You can't even make new conex boxes, because you can't get the new empties anywhere either, because they use the same logistical movement system, which you already choked with full containers.

It's like putting more cars on the highway, when nothing is moving, and closing all the offramps.
Nothing moves, anywhere.

That's where we're headed, at an unknown speed.

And in order to ride it out, people need stock up, which yet again, puts more stress on a failing system.

As Cliff Claven would say, "What you got there is one of them there vicious circles."

Indeed.

TheOtherSean said...

Some options for what to do with the stacks of empty containers include:
1. Create amazing mazes
2. Spell out "Let's go Brandon" many times over
3. Cells to house the members of the former Biden-Harris regime
4. Move to the borders and fill with dirt to create border walls
5. From them into a ring wall around Washington, DC so the scum can't escape, then start the bombardment
6. Wall to keep Californians from escaping and Californicating the rest of America
7. Deploy as walls around BLM/Antifa riots, weld shut
8. Ship illegals back where they came from
9. Recycle for materials, use materials to build a border wall
10. Ship Biden-Harris Regime to Siberia

MNW said...

When we become hyper inflationary everyone will need a 20' connex of bills for bead and coffee.

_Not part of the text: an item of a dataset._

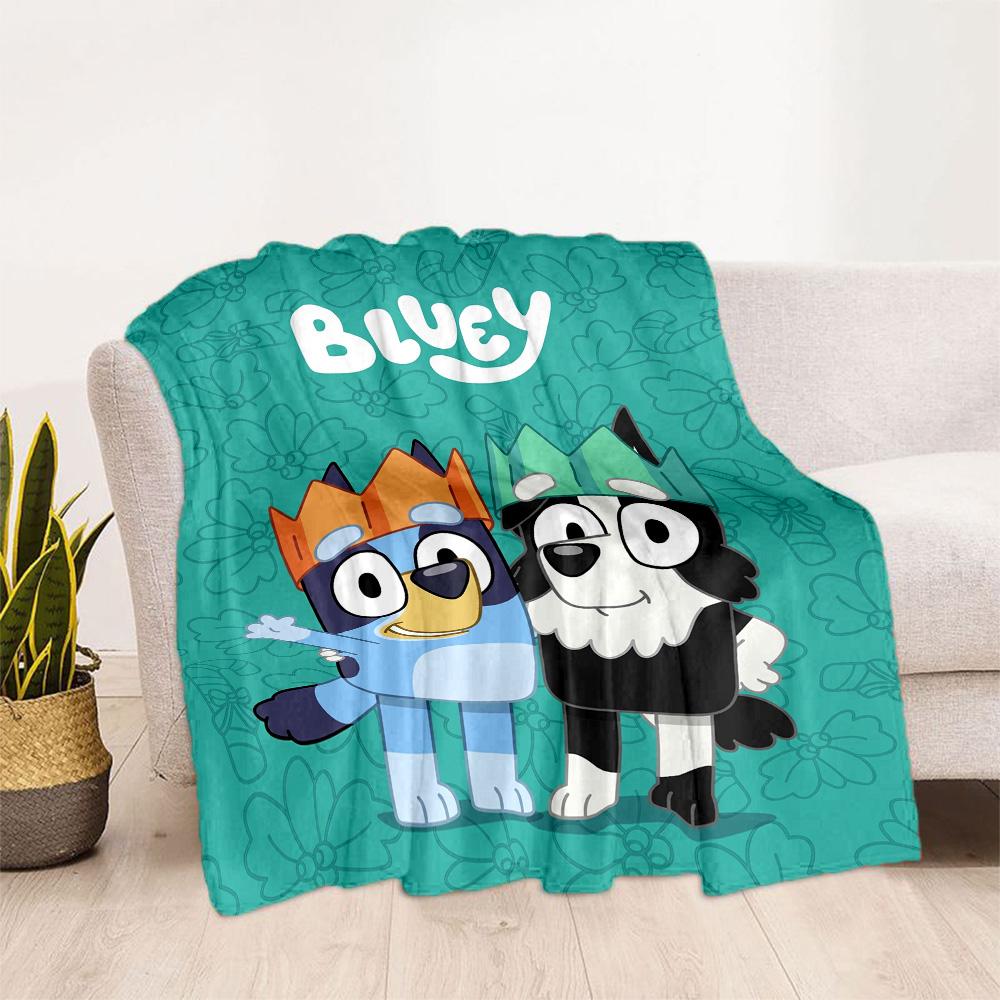 Bluey Bingo's Beach Day Blanket Soft Warm Cozy Great for Sofa Seaside Couch Four Seasons Multipurpose Playful Design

Can we skip making holes inches If we use them for politicans and beurocrats? Hell the amount if hot air might make them float

Dragon Lady said...

If I was hearing the story correctly this morning, apparently trucks are stacking empty containers all over outside the ports in CA. One woman said she stood in the street to keep yet another truck from driving thru to drop off it's empty container. They're stacked so high, one stack fell over and crushed a car.

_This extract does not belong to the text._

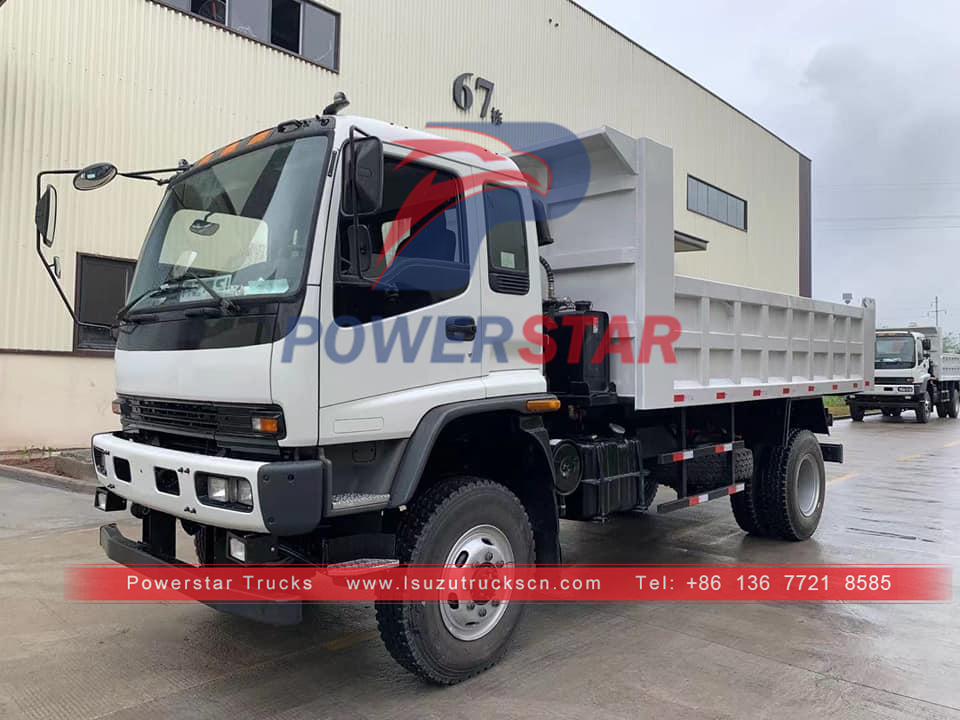  Brand New ISUZU FTR/FVR heavy 10tons Off road 4x4 mini Dump Tipper Trucks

Maybe we just load them on planes and drop them over Beijing? Kinetic energy is a blast.

Paul, Dammit! said...

Here's today's turd in your soup:

Maersk, which is to say, the government of Denmark, being one and the same thing fiscally (Maersk is fully backed by Denmark, who acts as their bank and principal investor), has sold off their container construction business to the largest container builder in China, who already bought the container building trade from the other large non-Chinese shipping companies. So China now has a virtual monopoly on container construction, too.

Oh, just to illustrate that Maersk is pretty much Evil, inc, a 19-year old American girl from the US Merchant Marine Academy got raped by a senior officer on one of their ships earlier in the year. Maersk swept it under the rug. They did not fire the accused or the officers who discouraged the lady from reporting the assault, but encouraged them to go home early with pay. Maersk has thus far refused to investigate further. A poll of all enrolled USMMA female cadets found that 100% experienced sexual harassment aboard Maersk vessels.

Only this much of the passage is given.